◆ **About this task**
The line containing "1.gab tīta bišu vaska svece 13 cm x 4.5 cm" marks where copying starts, so set down that line and each one after it exactly, through the end of the records.

────

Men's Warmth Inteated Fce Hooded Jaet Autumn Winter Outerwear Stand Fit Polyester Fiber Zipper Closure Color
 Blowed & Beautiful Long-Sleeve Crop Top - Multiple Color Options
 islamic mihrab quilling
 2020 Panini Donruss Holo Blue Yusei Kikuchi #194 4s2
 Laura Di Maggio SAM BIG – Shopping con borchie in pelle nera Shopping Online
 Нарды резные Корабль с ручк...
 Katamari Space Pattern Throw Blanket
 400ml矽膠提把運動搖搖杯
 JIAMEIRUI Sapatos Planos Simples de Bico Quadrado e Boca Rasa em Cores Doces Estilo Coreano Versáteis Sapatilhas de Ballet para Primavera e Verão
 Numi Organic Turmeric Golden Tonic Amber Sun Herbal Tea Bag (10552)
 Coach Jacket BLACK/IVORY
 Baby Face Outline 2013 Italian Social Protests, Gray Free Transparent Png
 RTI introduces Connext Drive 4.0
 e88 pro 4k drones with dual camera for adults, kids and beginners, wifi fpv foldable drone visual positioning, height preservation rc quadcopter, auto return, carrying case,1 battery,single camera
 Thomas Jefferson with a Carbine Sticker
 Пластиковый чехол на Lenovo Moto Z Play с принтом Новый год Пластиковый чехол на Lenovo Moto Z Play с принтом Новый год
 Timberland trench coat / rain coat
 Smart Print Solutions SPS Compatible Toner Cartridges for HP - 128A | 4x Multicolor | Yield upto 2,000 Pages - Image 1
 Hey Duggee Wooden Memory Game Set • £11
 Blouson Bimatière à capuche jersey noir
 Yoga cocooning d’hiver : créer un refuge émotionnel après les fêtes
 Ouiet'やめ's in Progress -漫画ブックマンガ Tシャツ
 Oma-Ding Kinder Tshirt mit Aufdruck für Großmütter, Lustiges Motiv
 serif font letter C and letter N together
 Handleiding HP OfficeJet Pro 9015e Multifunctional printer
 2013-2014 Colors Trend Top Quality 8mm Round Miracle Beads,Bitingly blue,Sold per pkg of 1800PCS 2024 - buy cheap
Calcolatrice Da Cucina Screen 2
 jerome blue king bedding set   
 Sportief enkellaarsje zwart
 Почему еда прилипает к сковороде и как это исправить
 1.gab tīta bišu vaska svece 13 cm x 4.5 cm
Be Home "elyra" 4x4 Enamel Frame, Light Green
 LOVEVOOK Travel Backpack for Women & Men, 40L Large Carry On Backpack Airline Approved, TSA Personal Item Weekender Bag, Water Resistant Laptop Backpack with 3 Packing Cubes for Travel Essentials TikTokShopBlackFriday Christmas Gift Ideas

────

◆ **Output below**
 1.gab tīta bišu vaska svece 13 cm x 4.5 cm
Be Home "elyra" 4x4 Enamel Frame, Light Green
 LOVEVOOK Travel Backpack for Women & Men, 40L Large Carry On Backpack Airline Approved, TSA Personal Item Weekender Bag, Water Resistant Laptop Backpack with 3 Packing Cubes for Travel Essentials TikTokShopBlackFriday Christmas Gift Ideas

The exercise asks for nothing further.